--- TASK OBJECTIVE ---
Begin at the top of the records below and print each line exactly until the line containing "It's got a spruce" has been printed; any pictures are to be left out.

--- DATA EXCERPTS ---
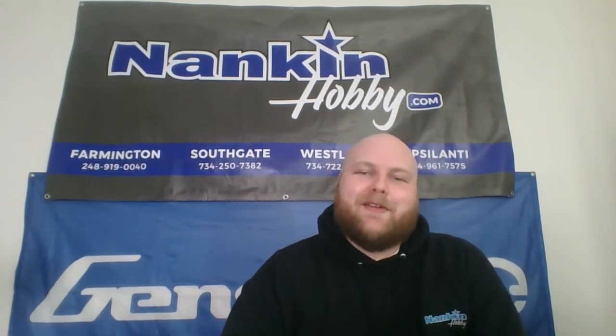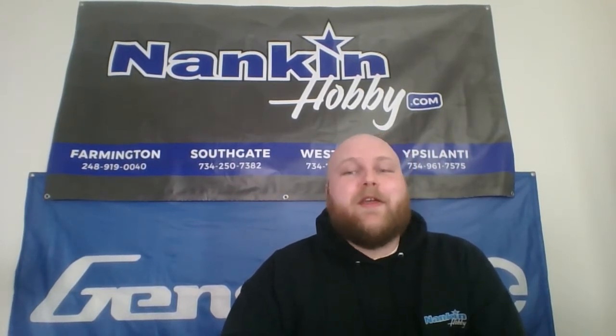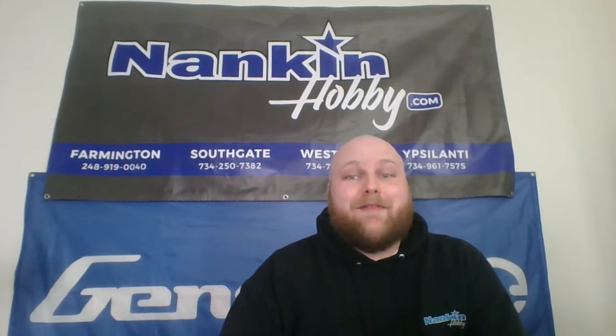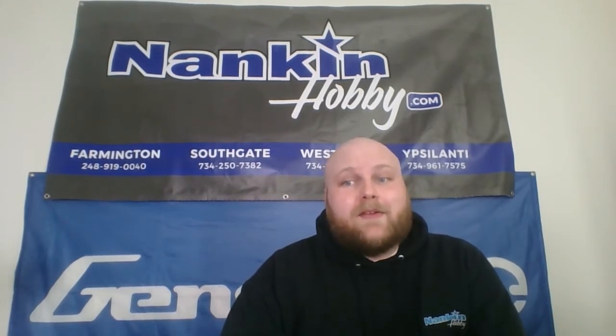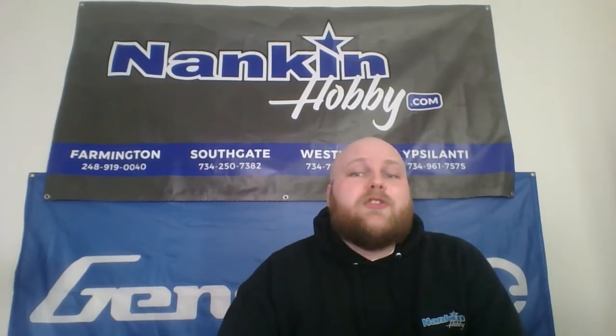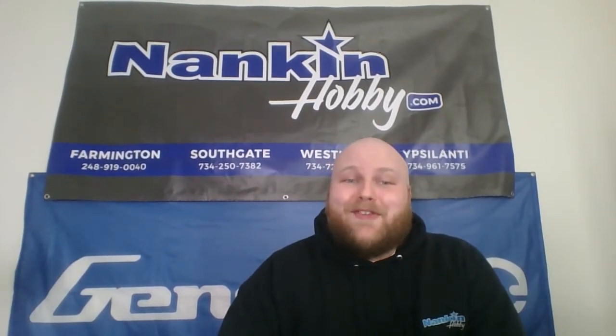Hey, I'm Joe and I'm coming to you from Nankin Hobby with a video about batteries. Today we'll be talking about what's probably the most straightforward spec on a LiPo battery: voltage. As simple as this spec may be in comparison to the others, it still doesn't exist in a vacuum. Like all battery specs, voltage on its own is pretty meaningless, and to really get the full picture, you kind of need to understand all of the other numbers on the label. So you should definitely watch all of the other videos in this series.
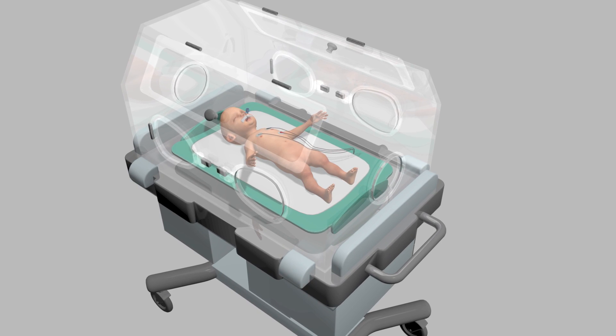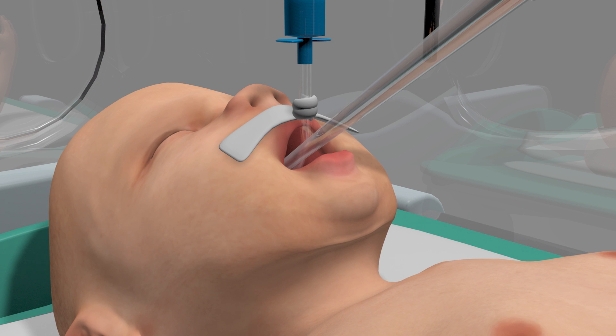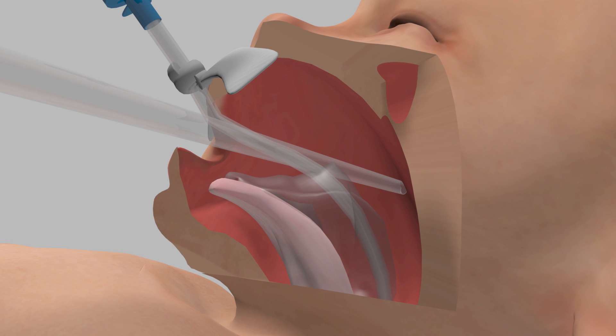Let's look at how a traditional suction system works. The one-hole tube is inserted in the mouth, suction already pulling at the baby's sensitive oral cavity. Then the tube accidentally goes too far and it hits the back of the throat, tearing off a piece of tissue, causing trauma.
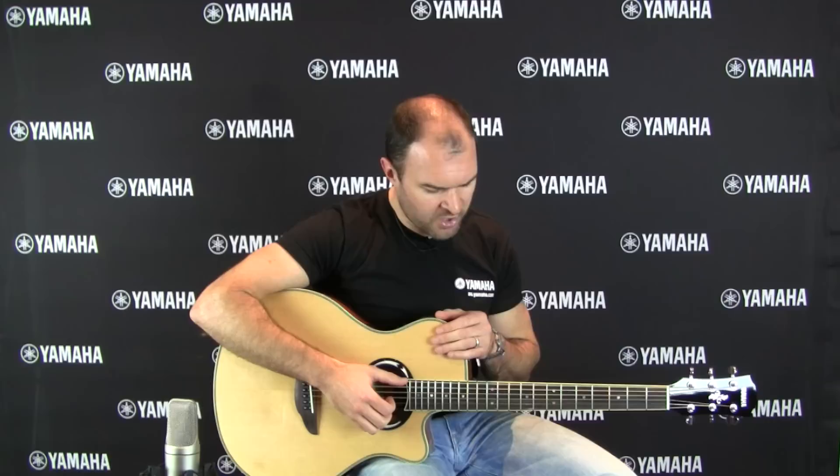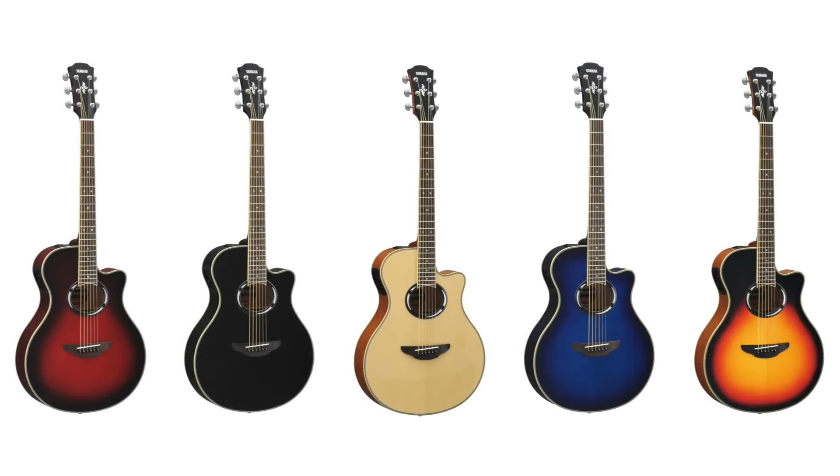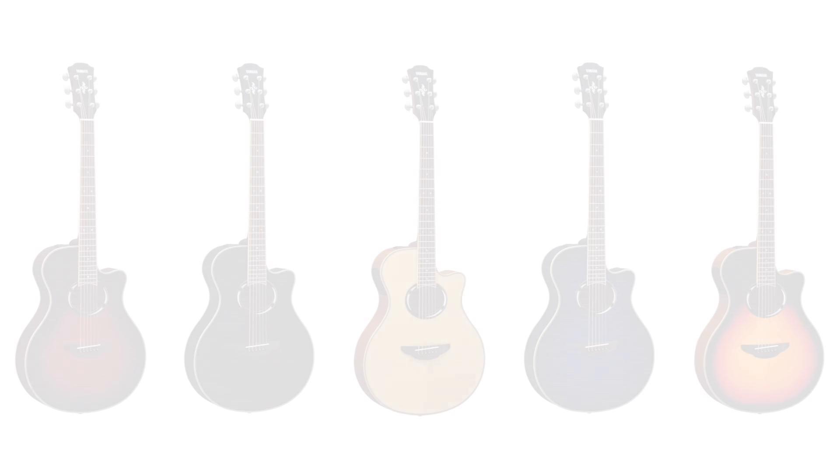It's got a spruce top, a rosewood fingerboard, and die-cast tuners. It also comes in five really cool unique colors, and we're going to have a bit of a listen to it now.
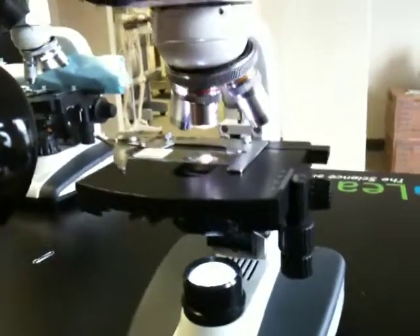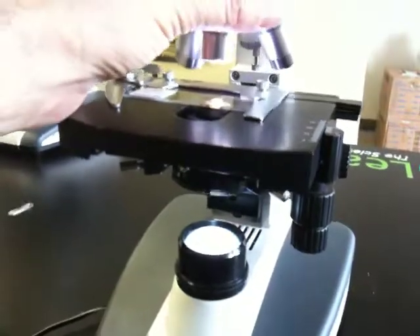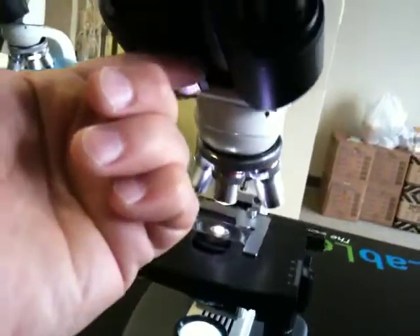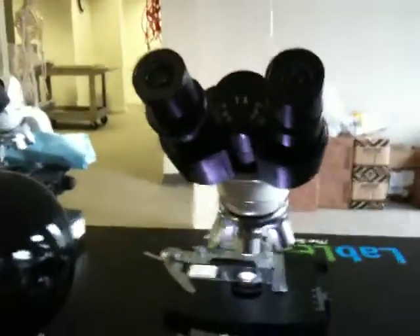However, some of the schools are calling and saying that even though the light's on and they have their objective in place, none of the light is actually coming through and entering the tube, and so they're seeing nothing through the eyepieces.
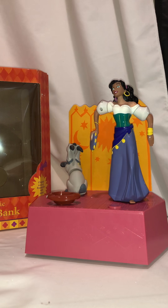This is the Hunchback of Notre Dame electronic talking bank - a Disney bank from the Disney movie. She sings and dances, but they don't quite move the way they're supposed to. I'm going to show you what they sound like and what they do, and then let you know what they're supposed to do.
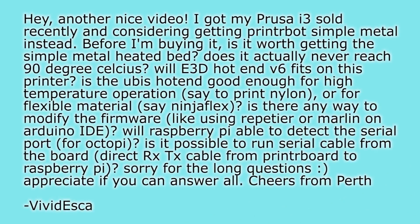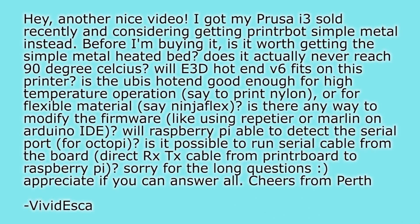A whole bunch of questions came from Vivid Eska about the Printrbot Simple Metal. He mentions he got his Prusa i3 sold recently and is considering getting a Printrbot Simple Metal instead — I'd ask why you'd want to sell a Prusa i3, that's not a bad printer. Anyway, his first question: is it worth getting the Simple Metal heated bed? Does it actually never reach 90 degrees Celsius? It does not actually reach 90°C because it is a very low-power bed. Either way, whether you're using the genuine Printrbot heated bed or a third-party one, you will still need to replace your power supply with an ATX or industrial caged unit — and that adds to the cost. I just don't think it's worth it for the Printrbot Simple Metal.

--- RESULT OF THIS EXERCISE ---
Hey, I'm Joe and I'm coming to you from Nankin Hobby with a video about batteries. Today we'll be talking about what's probably the most straightforward spec on a LiPo battery: voltage. As simple as this spec may be in comparison to the others, it still doesn't exist in a vacuum. Like all battery specs, voltage on its own is pretty meaningless, and to really get the full picture, you kind of need to understand all of the other numbers on the label. So you should definitely watch all of the other videos in this series.
Let's look at how a traditional suction system works. The one-hole tube is inserted in the mouth, suction already pulling at the baby's sensitive oral cavity. Then the tube accidentally goes too far and it hits the back of the throat, tearing off a piece of tissue, causing trauma.
It's got a spruce top, a rosewood fingerboard, and die-cast tuners. It also comes in five really cool unique colors, and we're going to have a bit of a listen to it now.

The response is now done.